Was bleibt ist die Möglichkeit, mit militärischer Gewalt zu reagieren, wenn die eigenen Truppen oder Interessen gefährdet sind. Diese Einstellung gilt besonders gegenüber dem Iran und resultiert in einer unversöhnlichen Politik, die nur von Obamas diplomatischen Bemühungen unterbrochen wurde.

Die Demütigung

Zweifellos fällt es den Mächtigen der US-Außenpolitik schwer, die von Ajatollah Khomeini während der "Geiselkrise" von 1979 bis 81 erlittene Demütigung zu verzeihen, geschweige denn zu vergessen.

Dieser Groll fordert, bei jedem den Iranern zugerechneten Aggression ein Blutzoll, dass unweigerlich die Stellung des US-Präsidenten gegenüber dem Außenministerium und den Militärs gefestigt wird. Diese politische Einseitigkeit trägt aber nicht unbedingt zum Ansehen der USA im Nahen Osten bei.

Besonders da der Iran bei seinen Nachbarn längst nicht mehr so unbeliebt ist, wie er einst war, wie die erneuten Annäherungen mit US-Verbündeten wie Saudi-Arabien zeigen. Politisch würde es Türen für pragmatische Lösungen öffnen, wenn die Biden-Regierung zur Einsicht käme, dass der bisherige Kurs der Unversöhnlichkeit den eigenen Interessen in der Region abträglich ist.

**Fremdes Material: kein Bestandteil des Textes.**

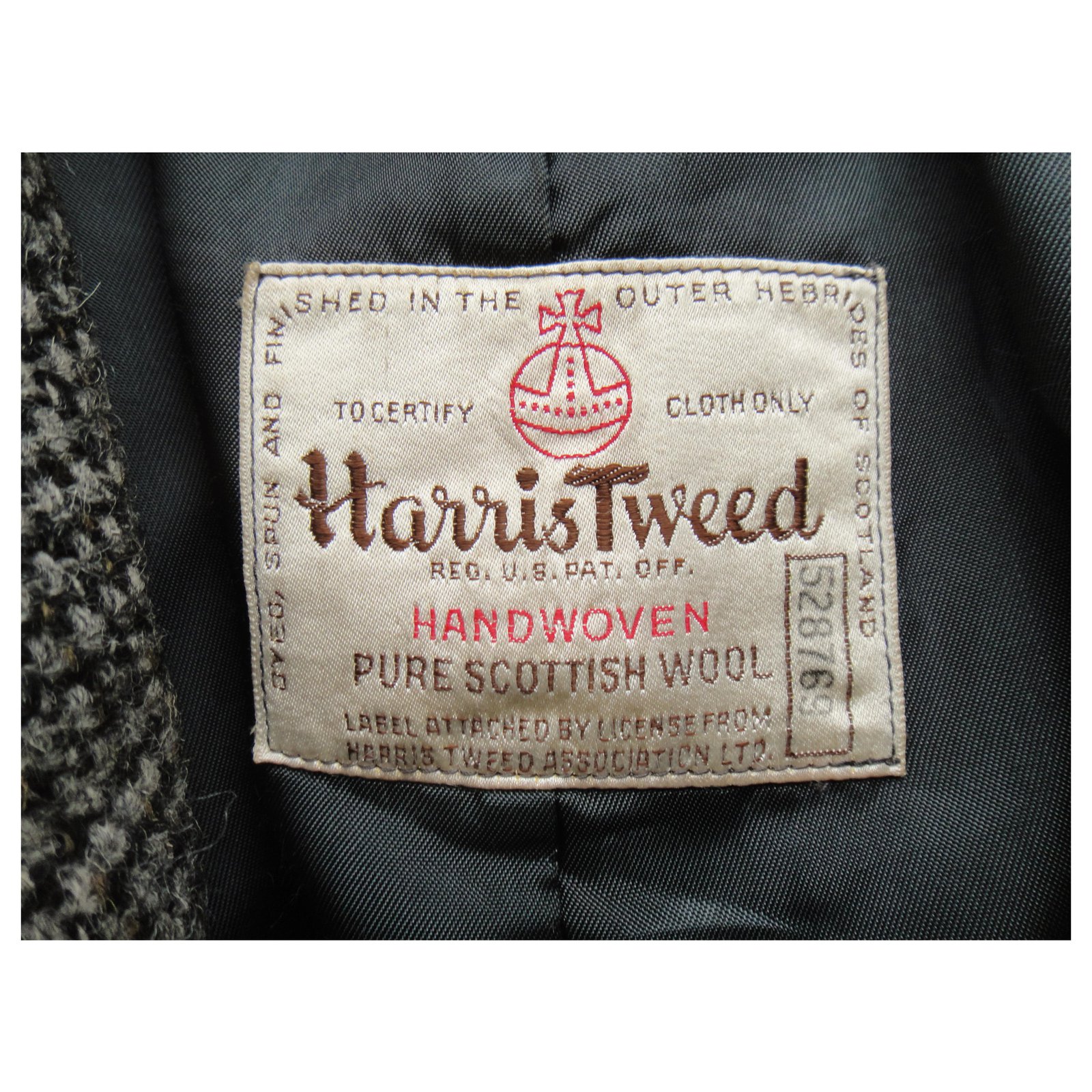 Autre Marque vintage men's coat in Harris Tweed t 60 Grey Wool ref ...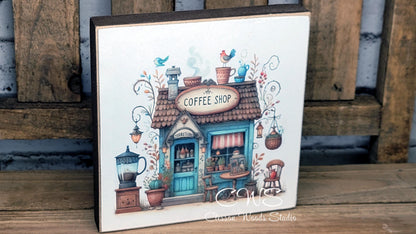 Coffee Shop 2 Square Wood Block Sign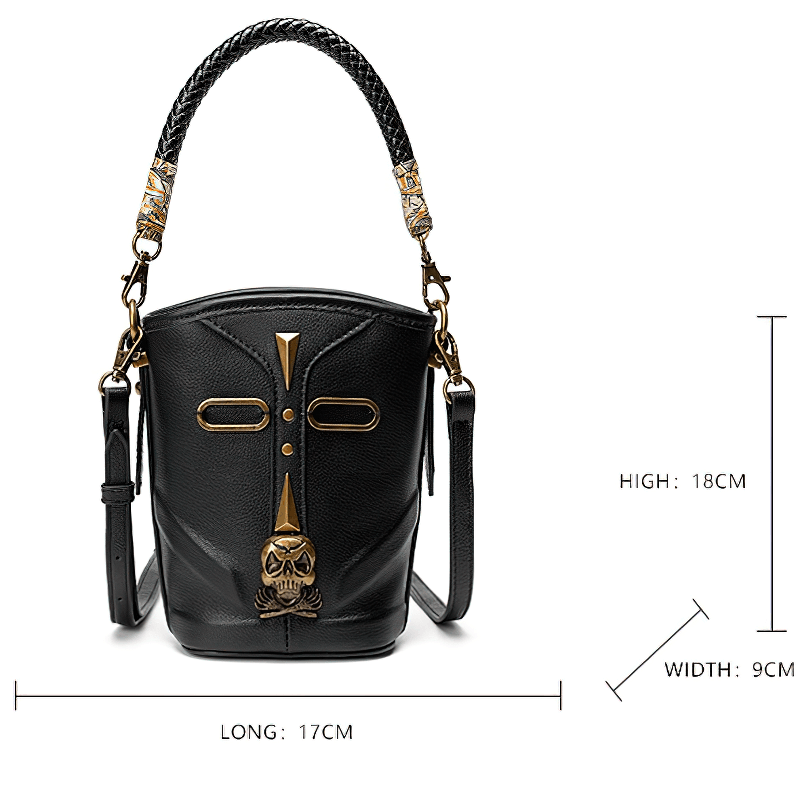 Fashion Rivets Small Shoulder Bag / Steampunk Skull Bucket Bag for Women - HARD'N'HEAVY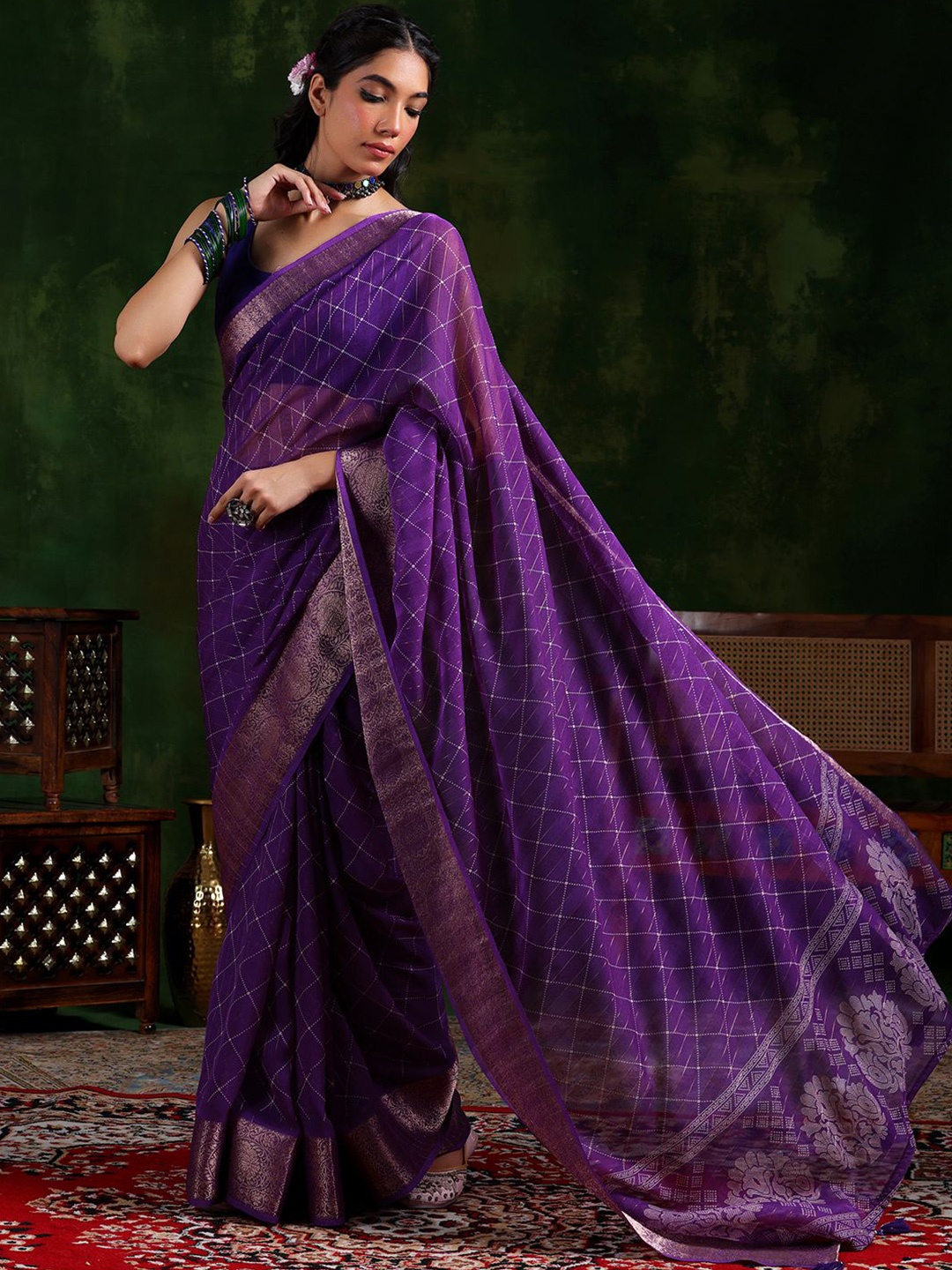 

Libas Checked Zari Saree, Purple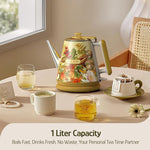 Load image into Gallery viewer, Hazel Quinn Retro X Eduardo Recife Collaboration Electric Kettle- 1 Litres / 34 Ounces Retro Small Tea Kettle, Double Wall, 304 Stainless Steel, 800W Fast Boiling, Cordless, BPA-Free, Auto Shut-Off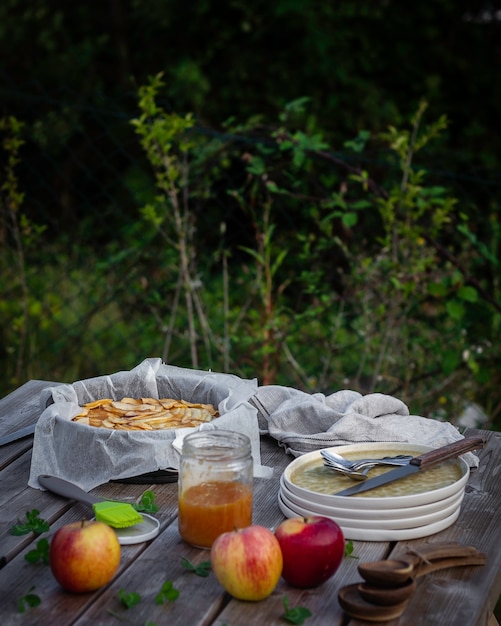 Foto pic-nic nel parco con torta di mele fatta in casa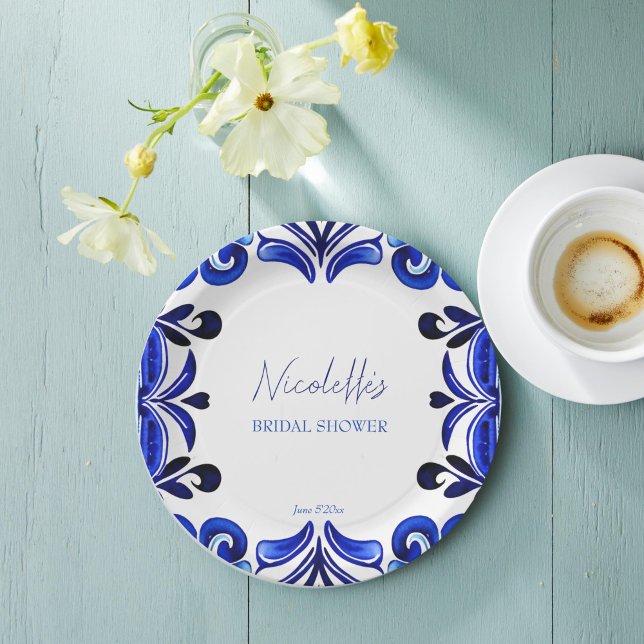 Plato De Papel Azulejos mediterráneos franceses ducha de novia (French Blue Mediterranean folk ornaments tiles Mexican Spanish bridal shower printed Paper Plates)
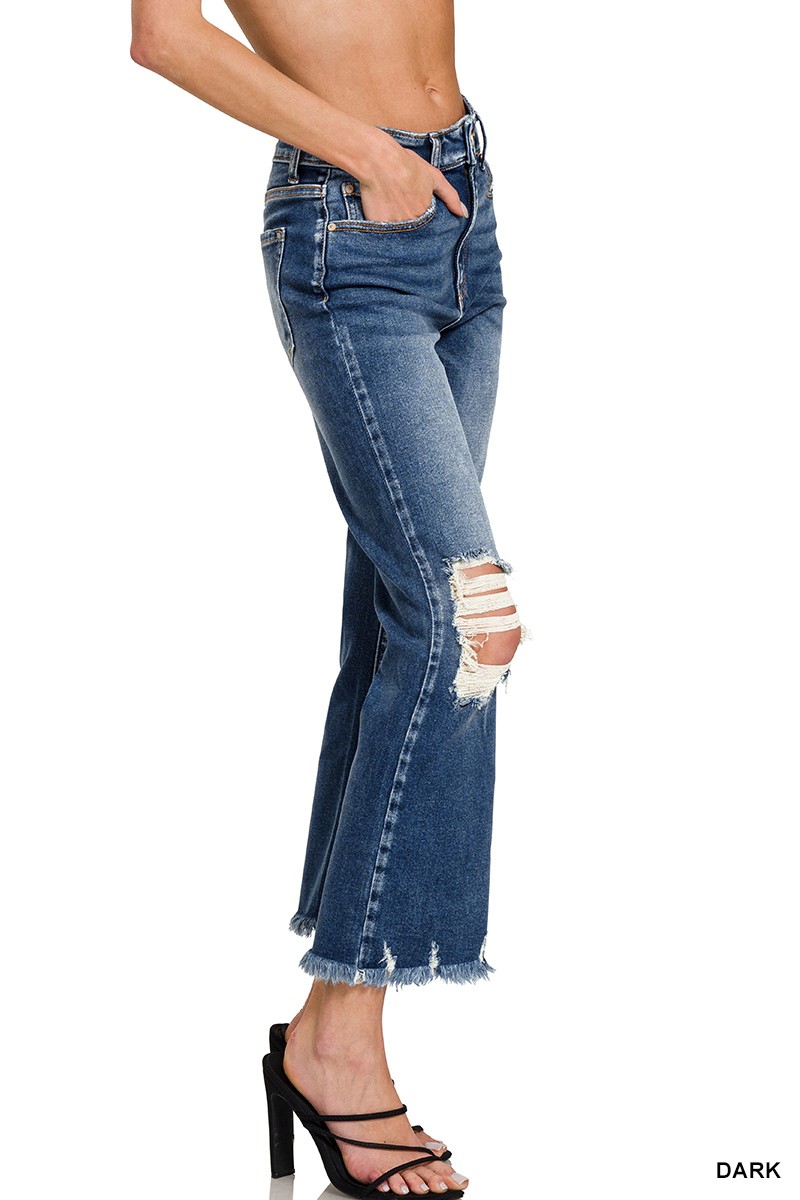 Distressed knee and hem denim pants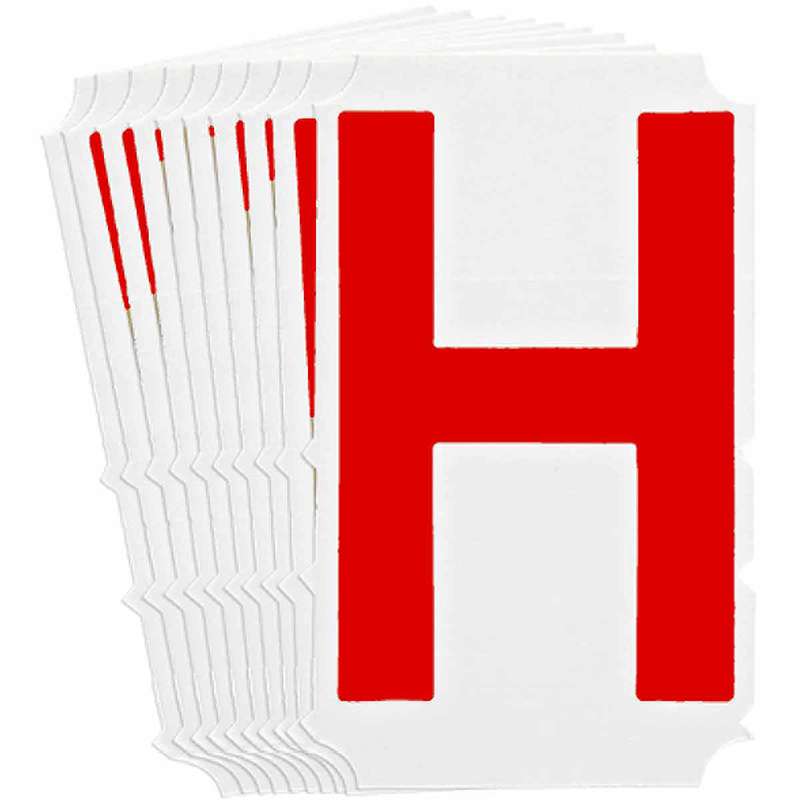 4in Red Gothic Font, Quik-Align Labels Letter "H", Pack of 10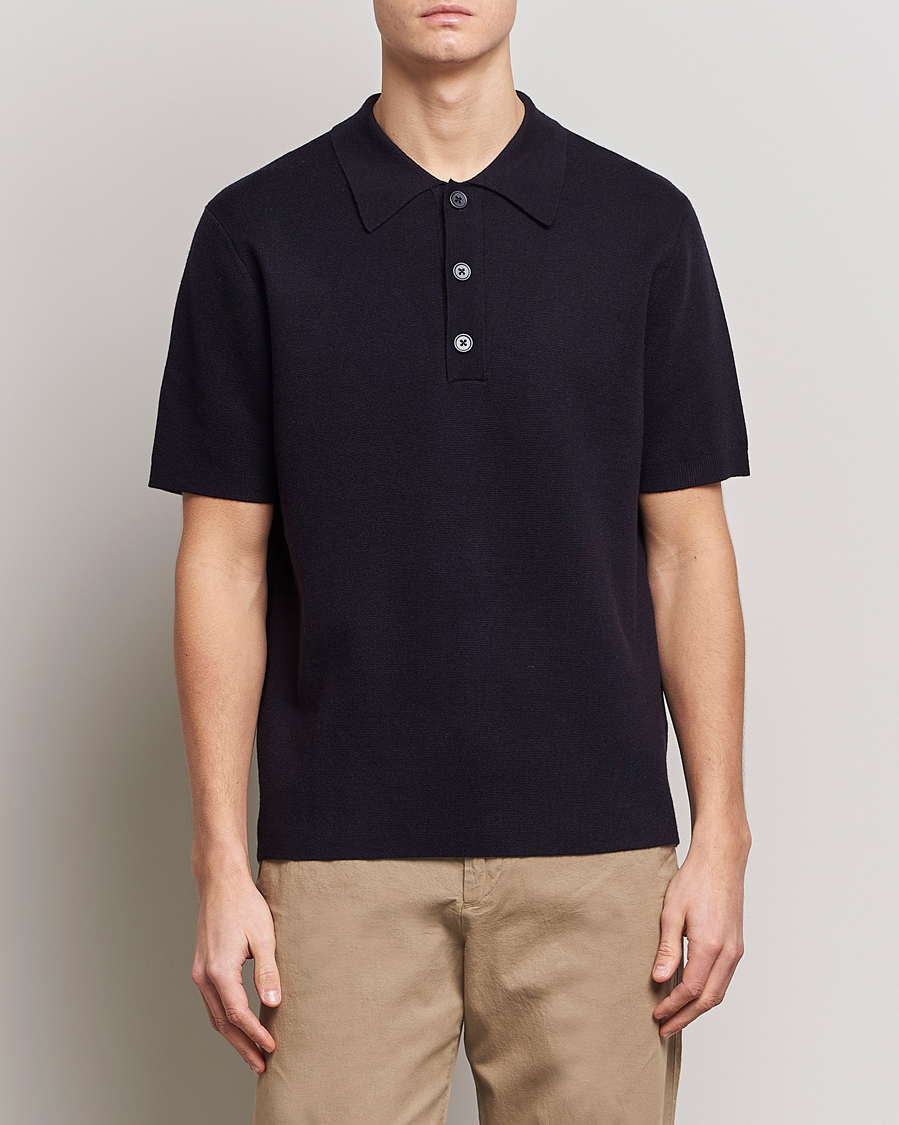 Herre |  | NN07 | Harald Knitted Polo Navy Blue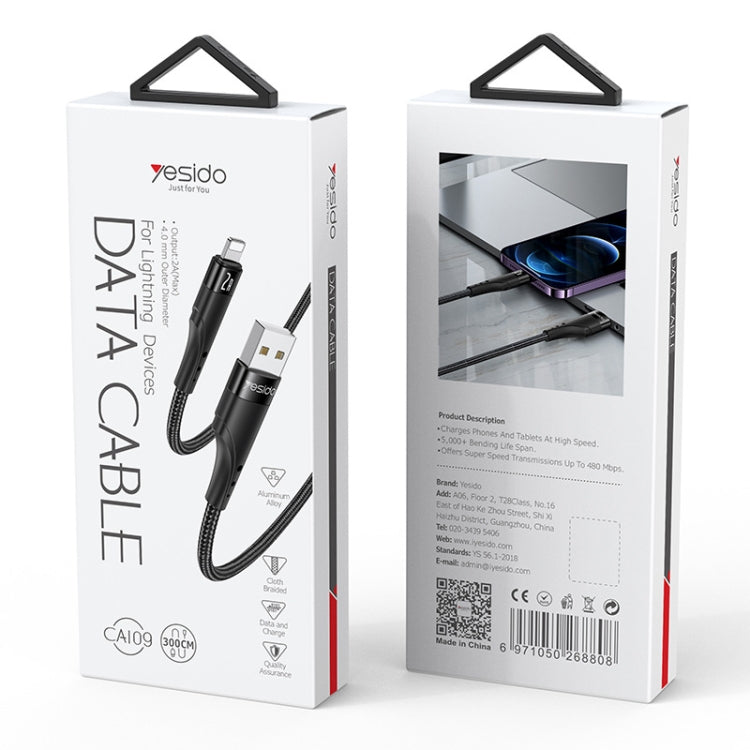 YESIDO CA109 3m 2A USB to 8 Pin Charging Data Cable(Black) - Normal Style Cable by Yesido | Online Shopping South Africa | PMC Jewellery | Buy Now Pay Later Mobicred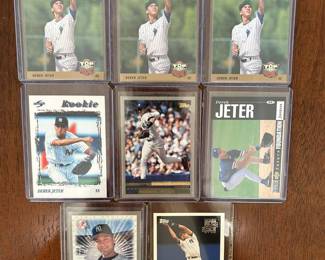 Derek Jeter Baseball Cards Lot of 8 cards including 4 rookie cards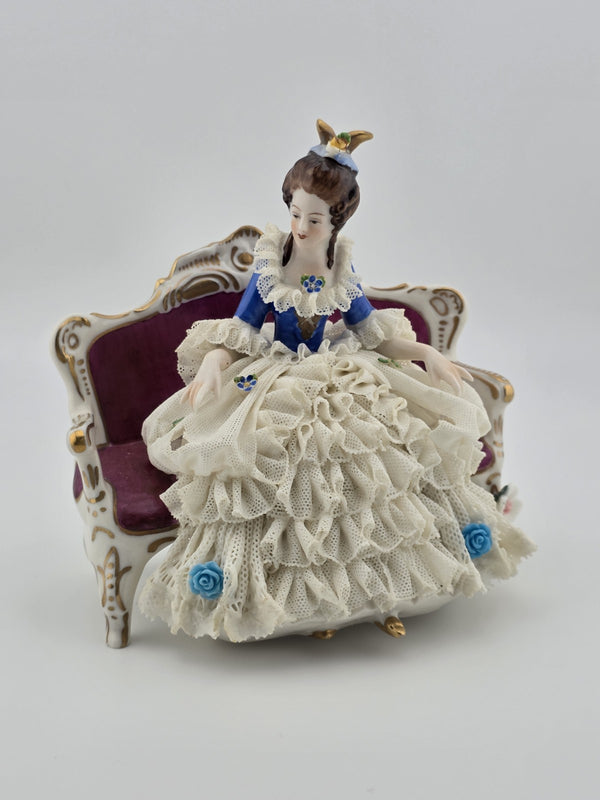 Vintage Sitzendorf Germany Lace Porcelain Lady Figurine Sofa Crown Mark. Read.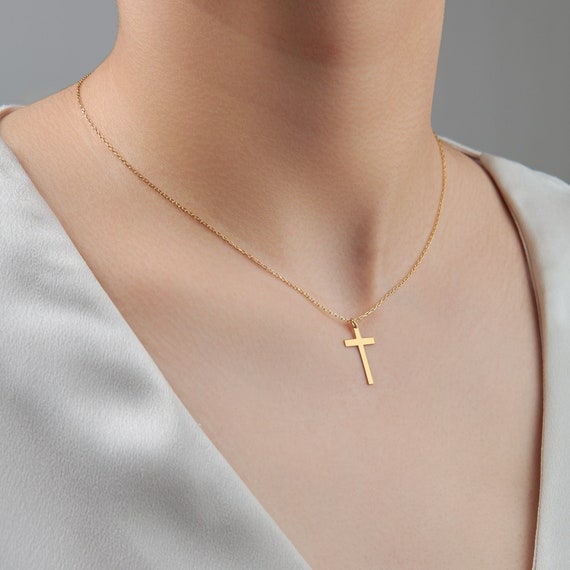 Mothers Day Gift Necklace.baptism Cross Necklace.sideway Cross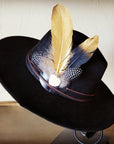 Black Gold Feather & Turquoise Slab Hat Band + Choice of Hat 986b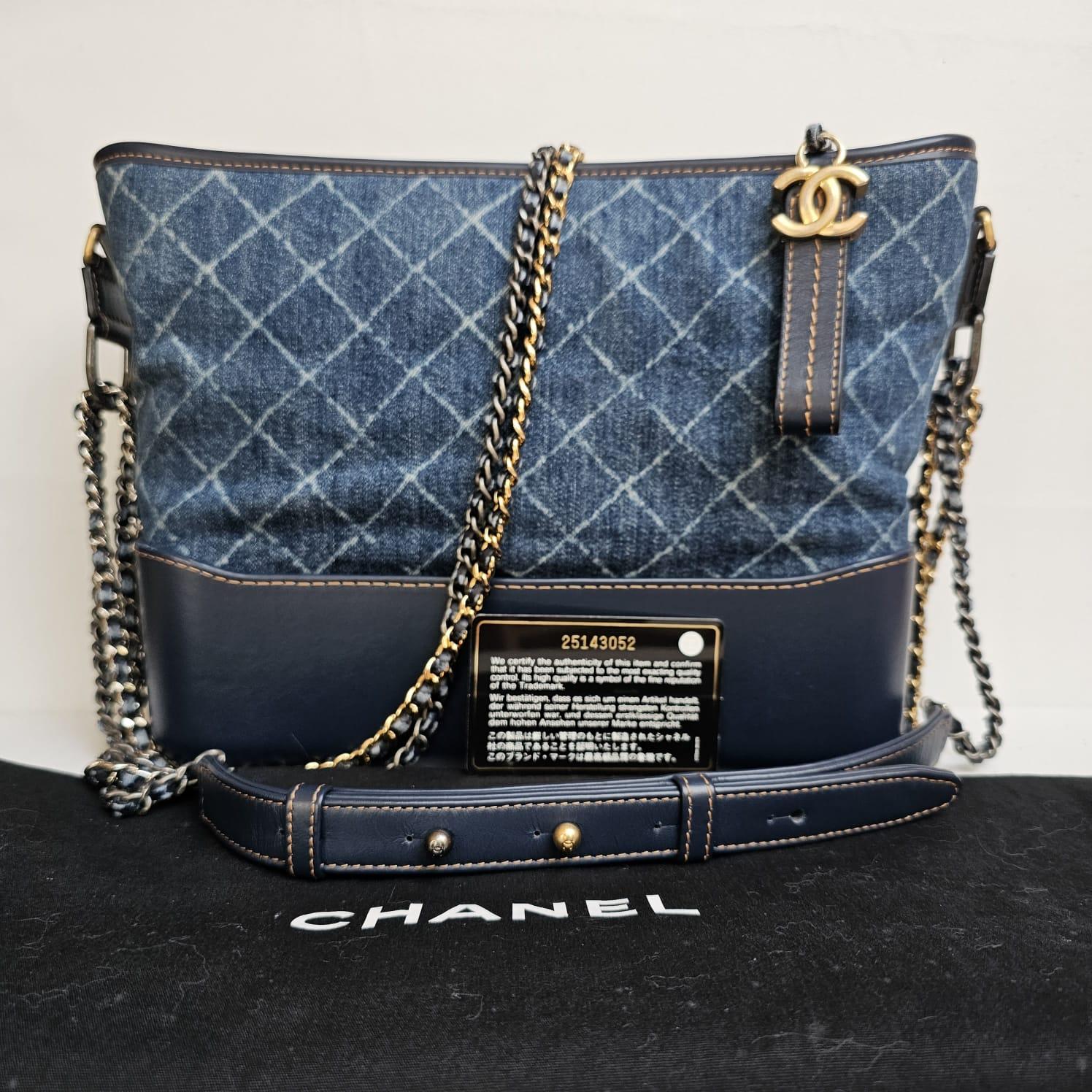 Chanel Medium Denim Quilted Gabrielle Hobo Bag For Sale 7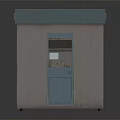Small Blue Kiosk With Glass Front And Items Displayed Inside Sign On Top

Washington sollte weiter klare Grenzen gegenüber Iran und dessen Politik ziehen – mit einer Abkehr von einer Iran-Politik, die weiter von später Rache motiviert ist. Das würde einen neuen Möglichkeitsraum eröffnen. Nur dann kann die USA ihrem eigenen Anspruch gerecht werden, den russischen und chinesischen Einfluss in der kriegsgebeutelten Region im Zaum zu halten.